*** Data supplied Section Begins ***
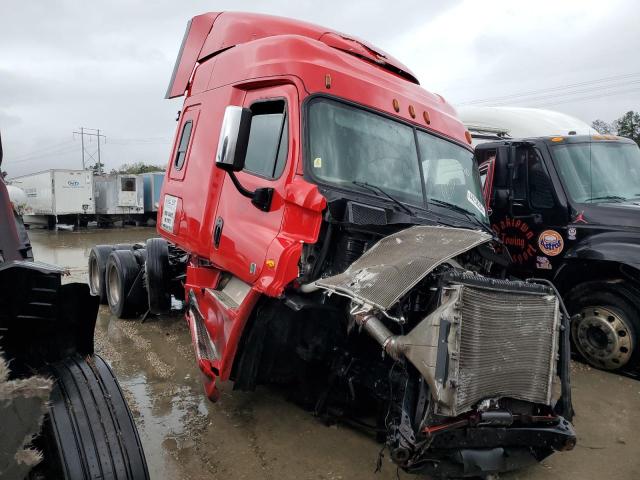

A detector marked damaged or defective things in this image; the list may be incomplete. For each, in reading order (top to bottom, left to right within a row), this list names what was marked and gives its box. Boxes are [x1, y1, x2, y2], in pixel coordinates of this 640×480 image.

damaged semi truck cab [94, 13, 576, 478]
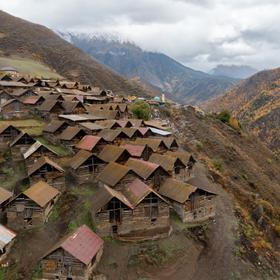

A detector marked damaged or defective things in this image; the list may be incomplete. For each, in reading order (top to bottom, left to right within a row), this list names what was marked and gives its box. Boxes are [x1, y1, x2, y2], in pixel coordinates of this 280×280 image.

rusty metal roof [75, 135, 103, 151]
rusty metal roof [98, 144, 129, 162]
rusty metal roof [97, 161, 132, 187]
rusty metal roof [23, 180, 60, 207]
rusty metal roof [159, 179, 198, 203]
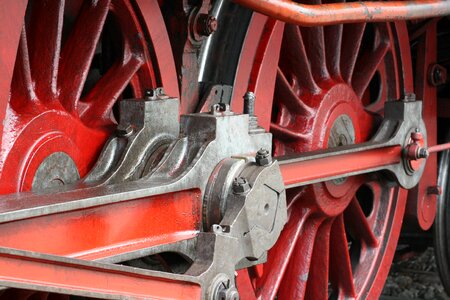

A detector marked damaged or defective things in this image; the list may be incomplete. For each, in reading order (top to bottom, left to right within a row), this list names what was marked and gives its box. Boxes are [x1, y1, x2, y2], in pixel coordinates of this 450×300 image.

rusty metal surface [234, 0, 450, 26]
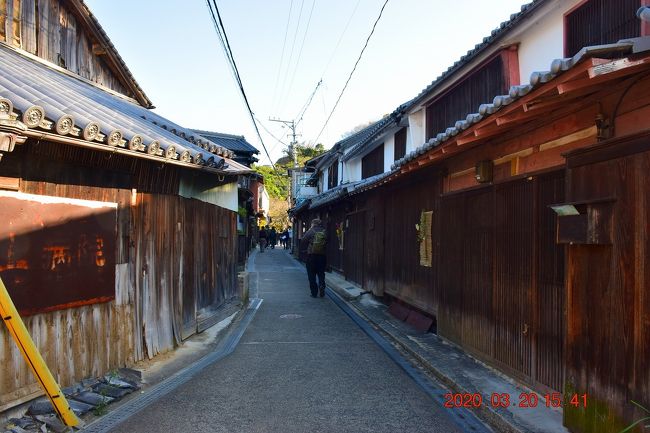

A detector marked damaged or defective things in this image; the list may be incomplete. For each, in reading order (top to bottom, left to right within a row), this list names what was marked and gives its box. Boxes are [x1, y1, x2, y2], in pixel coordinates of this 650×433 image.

rusty metal panel [0, 192, 115, 314]
rusty metal panel [492, 177, 532, 376]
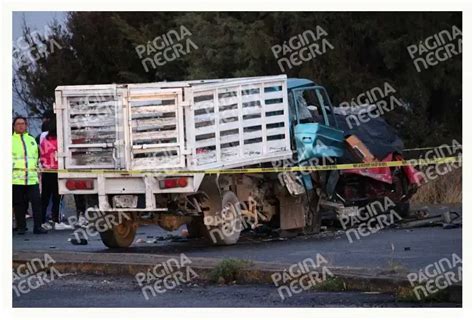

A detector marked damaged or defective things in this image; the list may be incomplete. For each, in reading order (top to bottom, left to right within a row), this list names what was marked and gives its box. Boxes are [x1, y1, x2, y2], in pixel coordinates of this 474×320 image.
*** Data supplied Section Ends ***
Aim of the task: Copy every record above exactly as written, but leave out the pictures.

Exercise solution:
A detector marked damaged or defective things in this image; the list may be incomplete. For each, in reading order (top to bottom, left to right within a row), this list names what was marked and gives its box. Boxes are [x1, y1, x2, y2], in pixel coordinates of this 640×480 image.

damaged semi truck cab [94, 13, 576, 478]

A detector marked damaged or defective things in this image; the list may be incomplete. For each, in reading order (top to bottom, left to right within a row), this list names what was marked and gives its box. Boxes are [x1, y1, x2, y2], in pixel coordinates of this 280×280 image.

rusty metal roof [75, 135, 103, 151]
rusty metal roof [98, 144, 129, 162]
rusty metal roof [97, 161, 132, 187]
rusty metal roof [23, 180, 60, 207]
rusty metal roof [159, 179, 198, 203]

A detector marked damaged or defective things in this image; the list may be incomplete. For each, in reading order (top to bottom, left to right within a row), this list names what was marked and gives its box. Boxes are [x1, y1, x2, y2], in pixel coordinates of this 450×300 image.

rusty metal surface [234, 0, 450, 26]

A detector marked damaged or defective things in this image; the list may be incomplete. For each, in reading order (top to bottom, left to right within a row), this list names what was marked and gives its box. Boxes are [x1, y1, x2, y2], in pixel coordinates of this 650×433 image.

rusty metal panel [0, 192, 115, 314]
rusty metal panel [492, 177, 532, 376]

A detector marked damaged or defective things in this image; the list may be incomplete. For each, in reading order (top to bottom, left to right within a row), this list names what was marked and gives its box. Boxes are [x1, y1, x2, y2], in pixel coordinates of this 474×320 image.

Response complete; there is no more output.